Происходящее в мире сегодня – это кризис. Но, как известно, кризис по-гречески означает «суд». И этот момент истины, момент обнажения смысла времени есть величайшая ценность, которая будет адекватно оценена только нашими потомками. В основном об этом написана данная книга.
Александр Щипков
7 апреля 2017 года
Глава 1
Накануне смены парадигмы
Стадия зеркала. – Гуманитарный монетаризм. – Господствующая идентичность. – Идеология и дух модерна. – Крах либерального мессианизма. – Утрата моральной легитимности. – Мясо истории. – Распад транснациональной империи. – Perestroyka по-американски.
* * *
В психологии есть понятие «стадия зеркала». Это момент, когда маленький ребёнок, глядя в зеркало, начинает узнавать себя – идентифицировать собственный образ.
При регрессе и распаде личности «ощущение себя» утрачивается. Человек проходит стадию зеркала ещё раз, но уже в обратную сторону.
Современное общество находится на грани утраты себя. Мы наблюдаем христианофобию, умело разжигаемую частью западного политикума, требующего от церквей одобрить аборты и однополые браки. У граждан отбирают право на открытую демонстрацию религиозной идентичности в публичных местах. Дехристианизация ведёт к потере нравственных ориентиров, а вместе с ними и ощущения коллективного «мы». Что дальше? Потеря субъектности, выпадение из истории.
Нельзя сказать, что общество об этом не догадывается и этого не боится. Догадывается. Но страх потери самоидентификации, страх «расколотого я» и захлестывающего сознания космической пустоты пока ещё не породил волю к действию. Он не мобилизует, а парализует. И в этом заключена огромная опасность.

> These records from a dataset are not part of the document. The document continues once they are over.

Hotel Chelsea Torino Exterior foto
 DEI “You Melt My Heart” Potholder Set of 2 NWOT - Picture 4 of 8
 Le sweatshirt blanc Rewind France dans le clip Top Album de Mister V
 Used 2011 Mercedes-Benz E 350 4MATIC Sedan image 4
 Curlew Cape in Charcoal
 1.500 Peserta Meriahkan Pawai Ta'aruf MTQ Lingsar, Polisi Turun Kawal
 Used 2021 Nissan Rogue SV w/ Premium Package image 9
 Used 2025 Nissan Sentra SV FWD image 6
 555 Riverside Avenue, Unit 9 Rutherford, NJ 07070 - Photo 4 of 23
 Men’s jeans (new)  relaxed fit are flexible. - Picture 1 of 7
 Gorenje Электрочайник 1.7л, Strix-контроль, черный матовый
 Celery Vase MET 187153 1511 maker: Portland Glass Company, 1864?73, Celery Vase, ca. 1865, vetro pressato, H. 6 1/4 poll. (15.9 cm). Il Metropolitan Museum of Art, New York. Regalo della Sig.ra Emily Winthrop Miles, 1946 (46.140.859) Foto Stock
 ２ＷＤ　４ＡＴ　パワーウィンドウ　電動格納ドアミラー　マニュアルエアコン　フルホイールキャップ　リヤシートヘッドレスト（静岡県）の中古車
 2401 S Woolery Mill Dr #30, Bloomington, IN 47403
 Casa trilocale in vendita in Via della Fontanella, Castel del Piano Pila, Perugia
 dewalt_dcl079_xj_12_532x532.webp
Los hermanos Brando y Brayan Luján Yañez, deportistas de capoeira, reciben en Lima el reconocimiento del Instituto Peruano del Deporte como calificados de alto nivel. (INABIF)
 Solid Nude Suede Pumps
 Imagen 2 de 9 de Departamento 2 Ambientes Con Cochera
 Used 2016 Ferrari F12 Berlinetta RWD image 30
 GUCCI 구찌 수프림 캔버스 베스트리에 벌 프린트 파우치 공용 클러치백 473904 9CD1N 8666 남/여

Западный мир оказался в ситуации, похожей на ситуацию в СССР накануне перестройки. Вопрос о смене идеологической рамки давно витает в воздухе; об этом говорят и в Европе, и в США. Но далеко не все хотят этих перемен. Стражи неолиберальных догматов пока ещё на всякий случай демонстрируют охранительный рефлекс и пытаются идти привычным шагом. Нетрудно предсказать, что спустя недолгое время именно эти люди впадут в другую крайность и сделаются «твердокаменными» фундаменталистами, ретивыми поборниками «устоев». Произойдет это на наших глазах и достаточно скоро. Но сегодня ломание копий по поводу антитезы «религия – секулярность» или «традиция – гуманизм» ещё в тренде, и социал-традиционалистский дискурс пока ещё представляется чем-то не совсем обычным.
Между тем вопрос о смене ценностно-идеологической парадигмы ставится уже давно как религиозными, так и светскими мыслителями современного Запада – правда, в кулуарах. Он ещё не вынесен на всеобщее обсуждение. Попробуем прояснить, как возникла ситуация, когда смена парадигмы стала необходимостью даже для наиболее дальновидной части её защитников.
ХХ век обладает стойким послевкусием. Он давно закончился, а ощущение конца эпохи всё не проходит. Для Запада это что-то новое, а нам, родившимся в СССР, данный феномен хорошо знаком: это состояние застоя. Сегодня оно связано со сферой политических идей. Точнее, с набором ключевых политических понятий, которые задают смысловую атмосферу последних двух с половиной десятилетий.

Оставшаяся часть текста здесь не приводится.